郵便配達員のシュヴァルが三十三年間ひとりで作り上げたということも驚きだが、毎日30キロ以上配達で歩きながら夜は石を運んでは建造していくその精神力もすごいとしかいいようがない、なにも知らずに聞かされると狂気の人の印象を受けてしまうだろう。しかし、彼があるきっかけで作り始めたこの理想宮は一人娘のアリスのために、という想いがあった。そして、妻であるフィロメーヌへの愛情も描かれていて、地味ながらとても素晴らしい作品だった。

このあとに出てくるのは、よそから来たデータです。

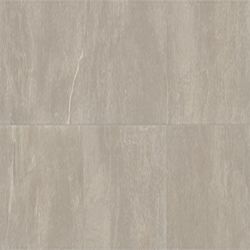 Marazzi Historia Heritage Gray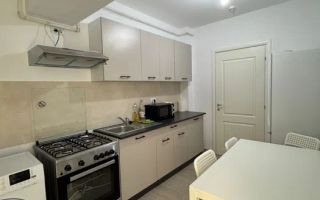 Apartament 2 camere, PET FRIENDLY – Evergreen Towers | Zona Tatarasi - Poză 5
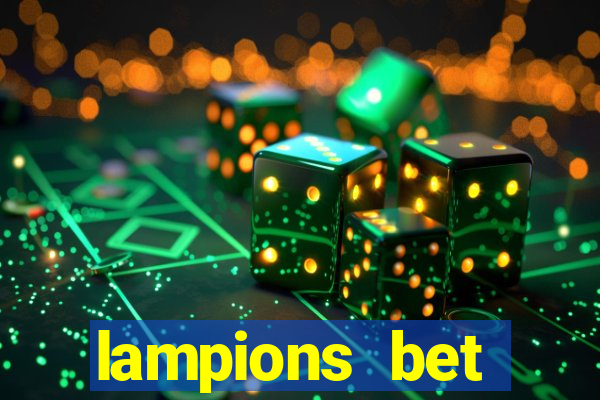 lampions bet download apk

シュヴァルは無口で人付き合いがほぼない人物のため、彼の思いはほぼセリフにはなっていない。その代わりに作られたこの巨大な建造物があまりにも圧倒的で彼の強い想いや愛情を感じさせる。
観ていると彼の妻の存在がとても大きく、理解者であった人が側にいたからこそ成し遂げられていることがわかる。実際なにか成し遂げる人の側には彼女のような寛大な理解者がいることが多い。

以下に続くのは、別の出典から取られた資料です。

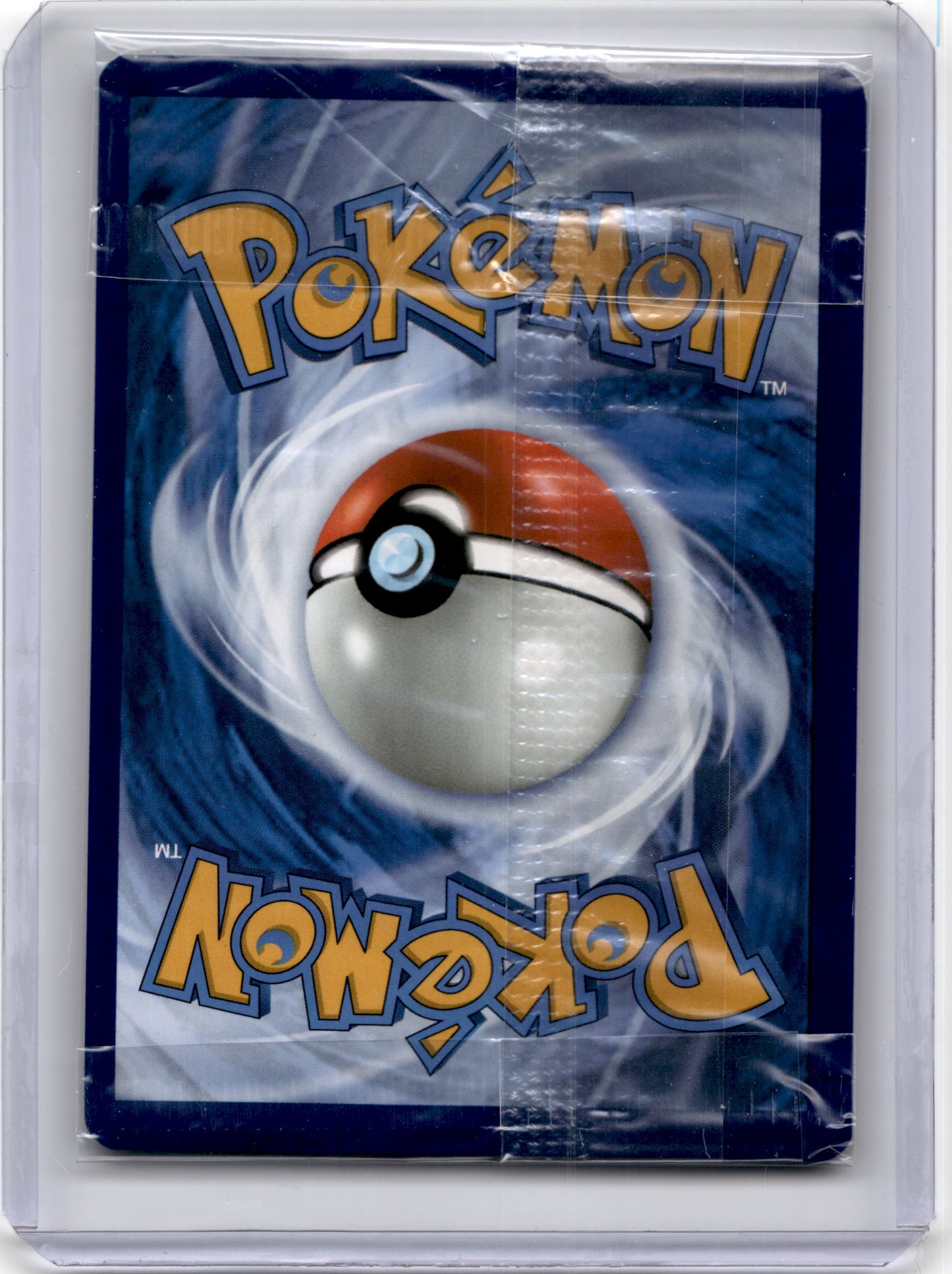 2023 Pokemon Iron Bundle SV Black Star Promos #066 - Papa Joey's Collectibles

また、配達員として歩いて、石を運び続けた彼は強靭な肉体になっていたのだろう。足腰が強い彼だからこそ88歳で亡くなるまで理想宮を作り上げることができたはずだ。誰かかすれば狂気に見えるようなことも、その人自身は健全な肉体であることはけっこうデカい要素だと思う。健全な肉体に宿る狂気というのは村上春樹さんと古川日出男さんの対談で出ていたワードだったが、創作する人にとってはほんとうに肉体が大事だよなあと観ながら思っていた。
すごく淡々と描かれているし、大きな事件やハプニングはそんなにないので派手さはない作品だが、ほんとうに静かだけれど品のいい、やさしい作品になっていた。